Before we turn all of America into a gated community, with a 700-mile steel fence running along the southern border, we should consider the mixed history of exclusionary walls. Ancient and medieval European towns huddled behind massive walls, only to face ever-more effective catapults, battering rams and other siege engines. More recently, the Berlin Wall, which the East German government described fondly as a protective “anti-fascism wall,” fell to a rebellious citizenry. Israel, increasingly sealed behind its anti-Palestinian checkpoints and wall, faced an outbreak of neo-Nazi crime in September–coming, strangely enough, from within.
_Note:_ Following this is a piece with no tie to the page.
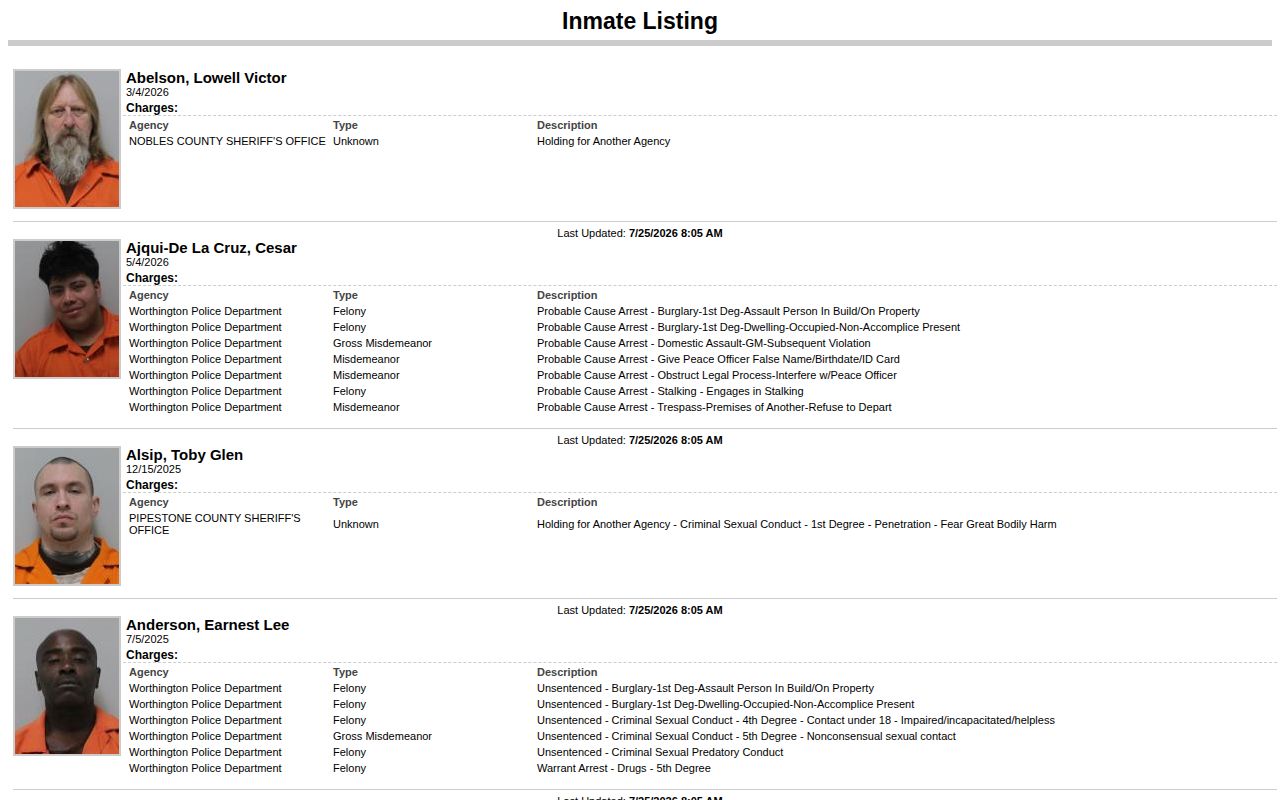 Nobles jail roster for Rock County released inmate search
But the market may have the last word on America’s internal gated communities. “Hell is a gated community,” announced the Sarasota Herald Tribune last June, reporting that market research by the big homebuilder Pulte Homes found that no one under fifty wants to live in them, so its latest local development would be un-gated. Security, or at least the promise of security, may be one consideration. But there’s another old-fashioned American imperative at work here, which ought to bear on our national policies as well. As my Montana forebears would have put it: Don’t fence me in!

It seems that in our fear-mongering society, we try to achieve security through building fences instead of engaging our community. In the world community, we are making the same mistakes - building fences and failing to engage our world neighbors. The places where I have felt the safest were those where neighbors knew each other - where if you had a problem with someone, you'd go talk to them civilly.

Are people wrong for wanting safety for their family? No. Are they wrong in thinking that ethnic and economic homogeny produce this desired safety? Yes. People are looking for "safety" from immigrants, from low-income people. They are using security concerns to justify xenophobia and racism. Again, they are taking their cue from our country's leaders who do the same on the world stage.

The post-war suburbanization of our society gave us the illusions of security, privacy and space. But it took away our connectedness. War, the environment, poverty - it's all connected. We overvalue material things and undervalue people and nature. Instead of building walls, we should be knocking them down.

"As long as our civilization is essentially one of property, of fences, of exclusiveness, it will be mocked by delusions." -- Ralph Waldo Emerson

3 comments:

shrimplate said...

Most excellent post.

I think there might be an angle here that involves language.

wstachour said...

Whatever our issues with immigration, only an idiot thinks a 700 mile fence is the solution. How sad that those idiots are running the show.

dbackdad said...

shrimplate - Thanks.

Language certainly comes into play. Do you mean language as a figurative "wall"?

wunelle - It's certainly a complicated issue and no side seems to have a firm grasp on it. I saw an interesting story in our local paper the other day that told of an illegal immigrant who saved a white boy who was injured and wandering in the desert in southern Arizona after his mom had died in an accident - AZ Republic. It reminded me of the movie 'Babel' and ties in with Shrimplate's comment about language. Some things are universal and independent of language - caring for your children, wanting to have a better life. But because of differences in language and culture, some people don't realize what we have in common.